A creature that possesses the type undead cannot normally be targeted by the spell atonement because of the atonement spell's entry of Target: Living creature touched (also see Aiming a Spell on Target or Targets). The supernatural ability rejuvenation of an edimmu presents an exception to the way the spell atonement normally works but only for a creature that possesses the rejuvenation ability. As also explained in fine answers here and here, the game routinely makes specific exceptions to the general rules as part of its design.
This means that a cleric, druid, or inquisitor can't cast an atonement spell on your undead PCs unless that caster possesses a special ability that allows the caster to overcome the limitations of the atonement spell's Target entry.
That should answer the question. However, if you're interested in how difficult it is to send incorporeal undead genies to their final reward using the far-too-brief exception made by the rejuvenation ability then read on.
A strict reading makes it extremely difficult to use atonement to send an edimmu to its native plane
The supernatural ability rejuvenation of the edimmu—an incorporeal and undead genie—, in part, says, "The only way to destroy an edimmu is with an atonement spell. The atonement absolves the creature of its sins and sorrows, allowing it to finally return to its native plane." Hence the edimmu's rejuvenation ability does create an exception for the atonement spell, but it's a far smaller exception than it may perhaps initially appear.
That is, even with the exception made by the edimmu's rejuvenation ability, a strict reading still doesn't change the atonement spell's entry of Target: Living creature touched as the rejuvenation ability makes no exception for the atonement spell's Target entry. Unless the less-strict reader extrapolates, speculates, or make house rules (a term I don't use pejoratively), exceptions change only what they say they change, and the only change to the atonement spell when an edimmu's (somehow) the subject is that the edimmu may opt to return to its native plane.
Thus it's the atonement spell's caster who is left with the uneasy task of somehow targeting with that atonement spell a creature both that possesses the type undead and that's probably destroyed. (And after these targeting obstacles there's the extraordinary ability incorporeal and its 50% miss chance against corporeal effects.)
Nonetheless, the vast amount of material available for Pathfinder means that I have no doubt that a specific set of character options allows a caster to cast such an atonement spell. However, I suspect that set of character options won't be present in most campaigns (except, of course, in regions and settings overrun by edimmus).
Finally—and not inconsequentially—, the edimmu's original and (so far as I'm aware) only treeware appearance is in House of the Beast (2009), part 2 of the Legacy of Fire adventure path that Paizo published for Dungeons & Dragons 3.5, and House is for level 5 PCs that by the adventure's end achieve level 7. In other words, it doesn't matter that in the adventure where edimmus actually appear as antagonists that an edimmu can be returned to its native plane only with an atonement spell: the PCs that encounter them won't typically have access to atonement spells anyway. (The atonement spell is usually available only to characters level 9 and higher.)

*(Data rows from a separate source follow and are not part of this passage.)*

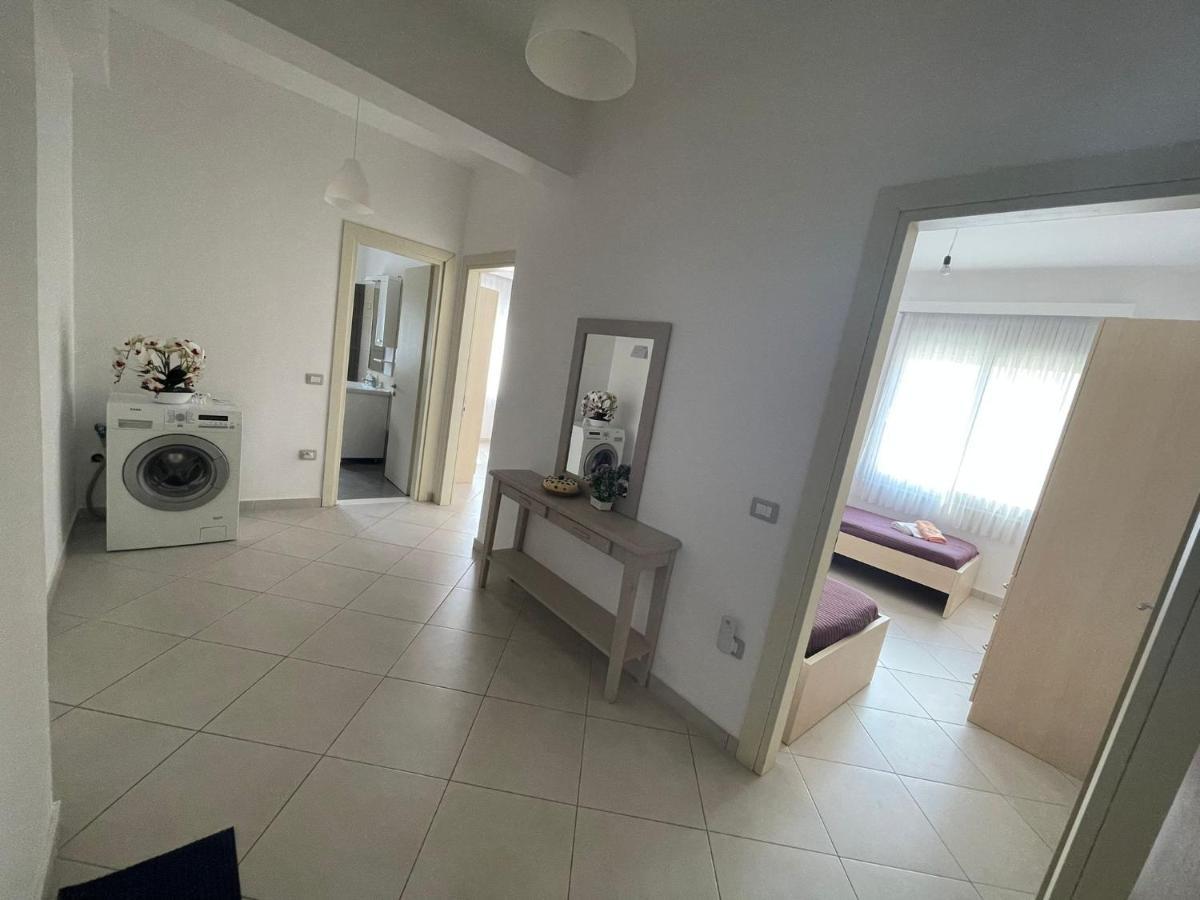 Orikum Apartments מראה חיצוני תמונה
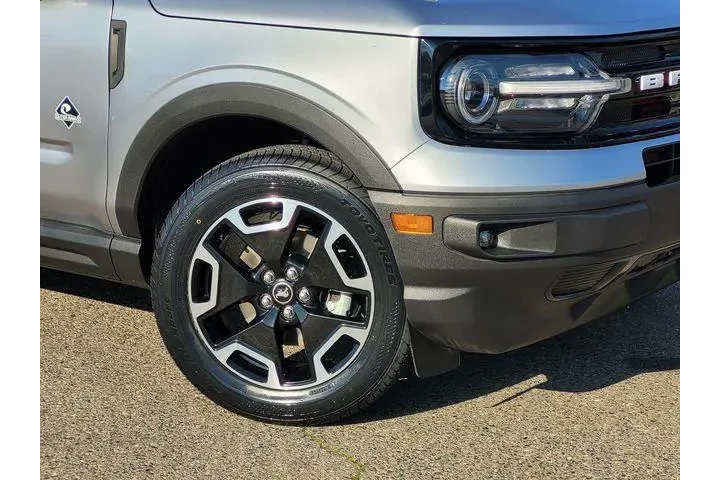 $26152 : Ford Bronco Sport 2023 AWD O image 6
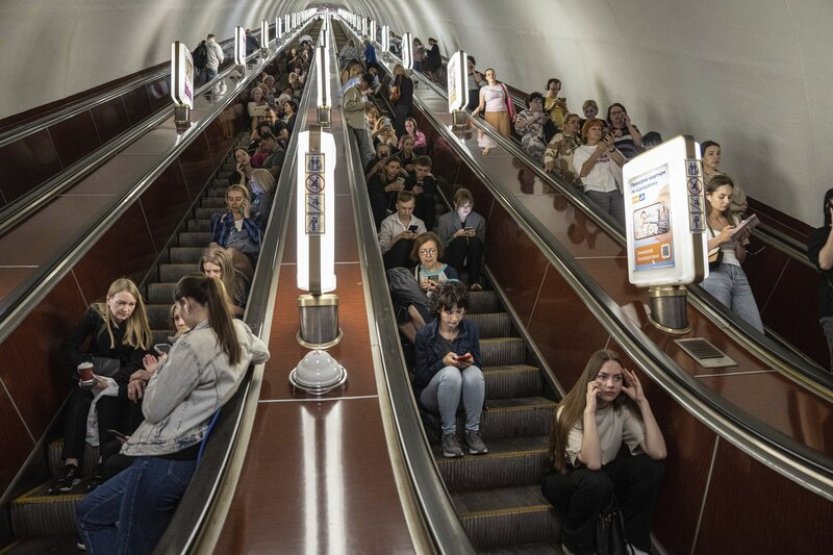 Noční nálety hlásila ukrajinská metropole Kyjev i ruské regiony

What this all adds up to for this reader is the humble suggestion that perhaps the rejuvenation ability of the edimmu is actually an error… of sorts. I mean, the ability as it's presented does—if tilt your head and squint—function mechanically, but for an adventurer to reach the goal of that specific atonement spell requires leaping through how many flaming hoops exactly? Honestly, typical adventurers could very well find it easier to destroy forever a lich than to redeem and send home a bothersome edimmu! (And the typical edimmu is only CR 3!)
I suspect somebody involved with House of the Beast—likely somebody late at night on deadline—forgot (or forgot to care) that the spell atonement had that Target: Living creature touched entry. This wouldn't be the first time that Paizo seemed to fail to realize how abilities and exceptions to them work (for example, see this question and this question) or that special care must be taken when designing effects for undead creatures (for example, see this question).
In the end, a GM that wants to use edimmus in a traditional campaign may want to make a house rule like A creature can cast an atonement spell on the remains of a destroyed edimmu as if those remains were a corporeal living creature, but the reader should be aware that this is a house rule. Another GM may see things differently, expecting characters who took specific options to thwart her campaign's edimmu invasion.
Note: As an example, the spell-like ability second chance that's the level 8 granted power of the inquisition Redemption specifically does circumstantially overcome any targeting restrictions on the atonement spell that the spell-like ability largely emulates when the second chance ability says that "you can cast atonement as a spell-like ability, targeting a creature that has violated the tenets of a religion you both share or that freely desires to convert to your alignment." (An incorporeal miss chance continues to apply to the typical corporeal caster, though.) Still, because of the level at which it becomes available, even this special ability can't help PCs who are fighting their way through House of the Beast, but the second chance ability may be useful against your campaign's undead PCs.